Captioned web image data:
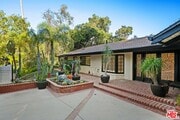 Photo - 17449 Sumiya Dr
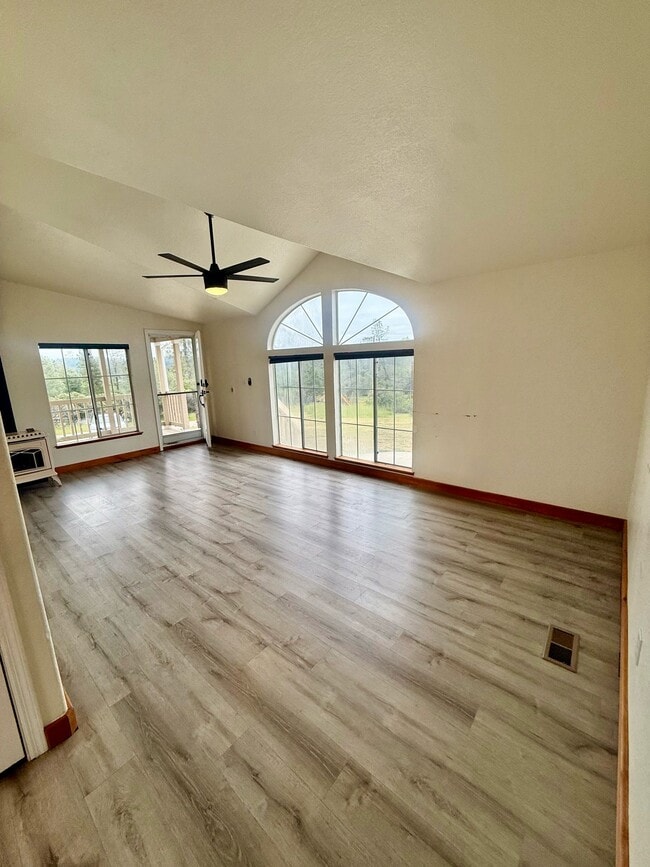 Photo - 14555 E Van Tam Way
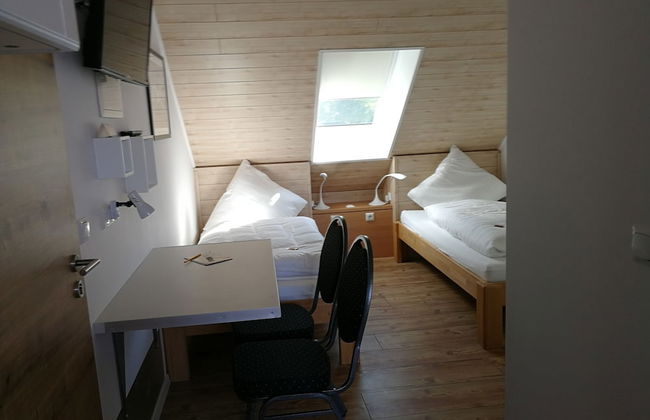 Apartmenthaus in Walle - Foto 13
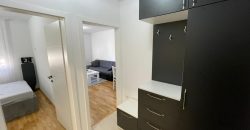 Dvosoban stan 38 m2 – Ada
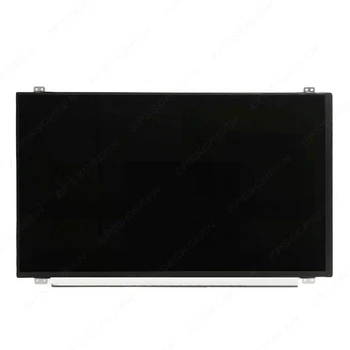PENTRU MSI GT62 GE63 GS63VR/GL63 8RE-673/GP62MVR-6RF/GE62 6QD/GL63 8SE/GE62VR 7RF-296D reparații laptop LCD ECRAN DISPLAY 120HZ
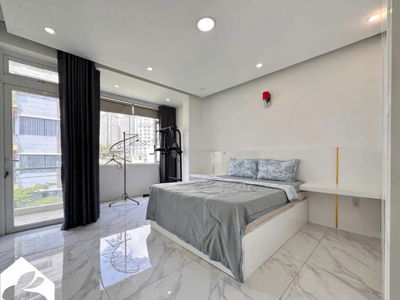 Gehäuse In Ho Chi Minh City, Vietnam Gehäuse In Ho Chi Minh City, Vietnam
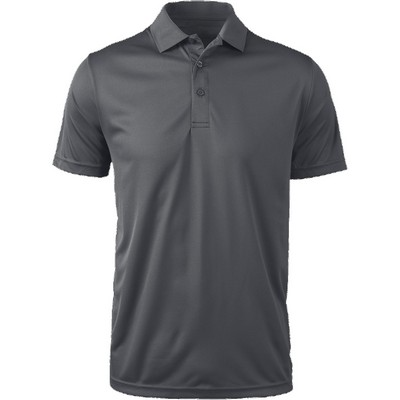 Omni Mens Harrison Polo'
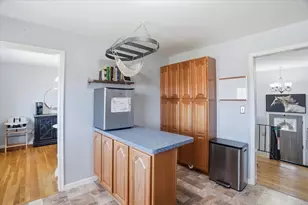 394 Northgate Rd, Lindenhurst, IL 60046 - Photo 12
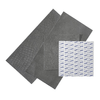 img-520d0104-56be-472b-a6b2-d622a950dfd4.png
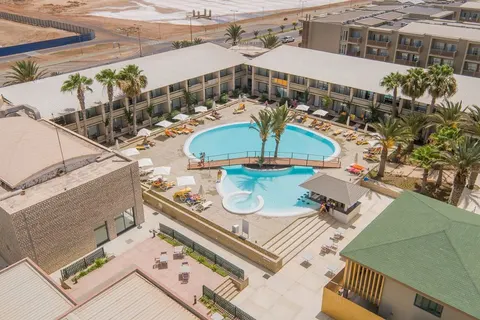 Oasis Belorizonte in Fun — foto 17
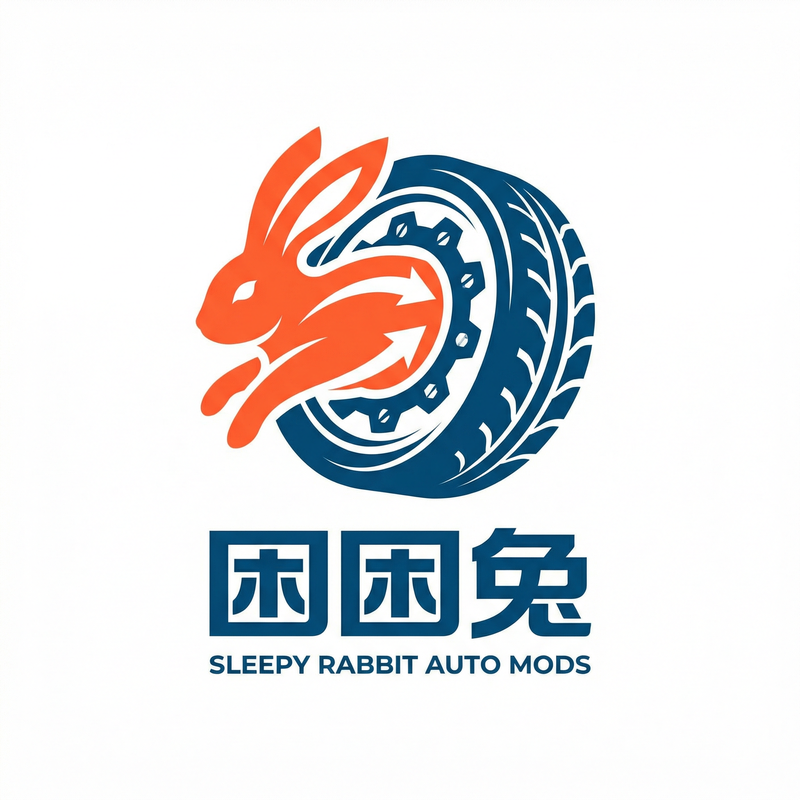 黑料网Logo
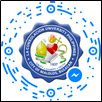 La Consolacion University Philippines Logo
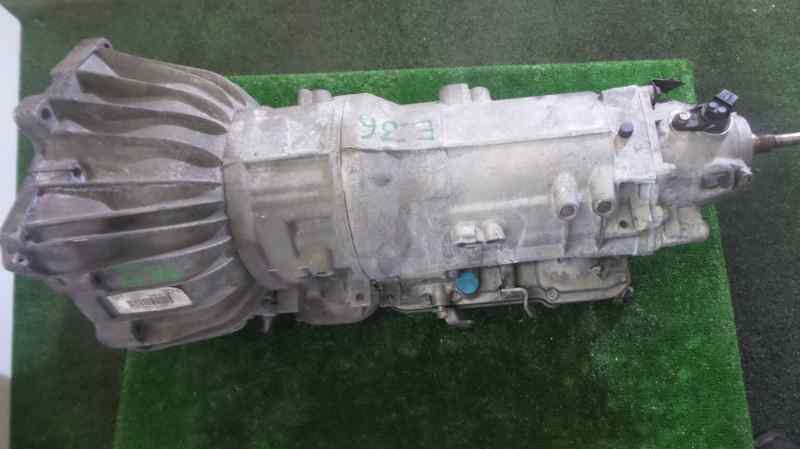 BMW 3 Series E36 (1990-2000) Other part 96016874 18882206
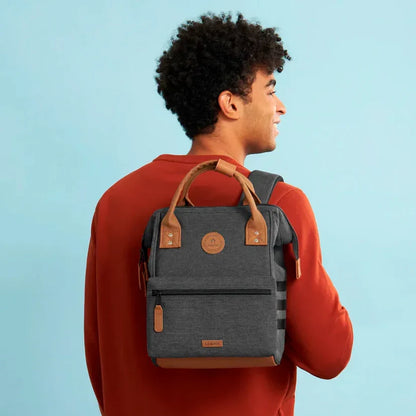 Sac à dos Adventurer Small Londres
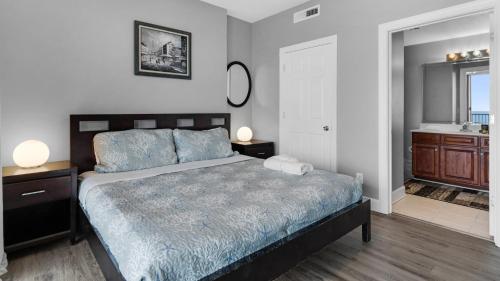 Ocean Villa 404 By ZIA VR - image 41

Assignment:
Beginning with the line that contains "BMW 3 Series", reproduce every line through the end of the records above exactly, leaving pictures out.

Exercise answer:
 BMW 3 Series E36 (1990-2000) Other part 96016874 18882206
 Sac à dos Adventurer Small Londres
 Ocean Villa 404 By ZIA VR - image 41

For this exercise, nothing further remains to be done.